Paul Lister believes it’s time to bring whole ecosystem rewilding to a relatively small and well-developed region – the Scottish Highlands, and he has answers to all the questions. What causes the opposition?
The media conflating the risks. Why consider a controlled release of wolves? For research and tourism purposes: it will galvanise an area that needs jobs, and create a template for a rewilding tourism model in developed countries.
On this subject, he’s more than passionate, he’s committed, he’s clear and he has a plan. For travellers who want to minimise their effect on the planet he says, “Travel less and for longer…no more short trips!”
His opinions on eco-tourism are as powerful and potentially disruptive as his thoughts about wolves. He says that he sees people moving away from crowded resorts to explore areas that they are curious about, that people are seeking to offset their travel environmentally and that travel companies and airlines, as well as consumers should be looking at supporting local economies, encouraging travelling less and staying longer and he really wants people in Europe to get to know the unknown, remote and richly diverse areas of their own continent. Most of all, Paul Lister is committed to the idea that to fail to restore nature is to put ourselves at risk. “For the prosperity of all life on earth we simply must put nature preservation and landscape regeneration first, to not do so will be at our peril.”
His organisation, The European Nature Trust, has over two decades of preserving Europe’s remaining wild places and helping to restore those adversely impacted by human behaviour.
So why has he taken this often controversial path?

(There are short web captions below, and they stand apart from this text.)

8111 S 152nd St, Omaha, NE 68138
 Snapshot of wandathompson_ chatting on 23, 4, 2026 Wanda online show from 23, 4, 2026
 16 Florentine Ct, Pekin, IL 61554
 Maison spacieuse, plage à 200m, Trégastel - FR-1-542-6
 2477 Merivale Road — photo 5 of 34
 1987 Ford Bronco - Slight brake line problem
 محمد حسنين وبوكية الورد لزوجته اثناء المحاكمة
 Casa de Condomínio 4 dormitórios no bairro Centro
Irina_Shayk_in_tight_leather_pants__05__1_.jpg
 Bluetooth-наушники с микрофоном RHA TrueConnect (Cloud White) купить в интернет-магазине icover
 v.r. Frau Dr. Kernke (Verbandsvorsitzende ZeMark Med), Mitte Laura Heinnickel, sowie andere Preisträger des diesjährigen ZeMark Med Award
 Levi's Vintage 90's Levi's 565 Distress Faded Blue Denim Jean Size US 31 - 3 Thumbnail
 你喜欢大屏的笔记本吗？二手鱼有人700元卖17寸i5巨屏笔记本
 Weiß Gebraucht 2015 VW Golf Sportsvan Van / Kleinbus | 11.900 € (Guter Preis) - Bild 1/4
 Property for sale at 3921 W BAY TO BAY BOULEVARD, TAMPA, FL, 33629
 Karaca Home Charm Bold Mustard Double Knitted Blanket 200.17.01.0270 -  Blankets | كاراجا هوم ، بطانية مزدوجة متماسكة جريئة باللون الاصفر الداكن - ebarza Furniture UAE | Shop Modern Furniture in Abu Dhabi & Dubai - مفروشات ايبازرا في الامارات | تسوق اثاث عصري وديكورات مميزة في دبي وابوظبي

As for so many, it’s a combination of personal experience, such as his father’s ill health in later life, combined with the example of other outstanding conservationists like Doug and Kris Tompkins and Adrian Gardiner.
As he rethought his life, it became obvious to Lister that restoring the balance of nature wasn’t optional, it was essential. The intrinsic link between human wellbeing, planetary stability and wild environments is something that he exhorts people to understand, citing the industrial mega-farm as an example of the way intensive agriculture has not only denuded landscapes but harmed our ability to recognise the value of a complex ecosystem that self-enriches and self-supports.
As an example of a businessman putting his money where his mouth is, Paul Lister is a clearly a visionary, but as a supporter of rewilding, he’s much more than just an ally – he’s a standard-bearer for the most imaginative projects seeking to restore the natural balance to our wildernesses.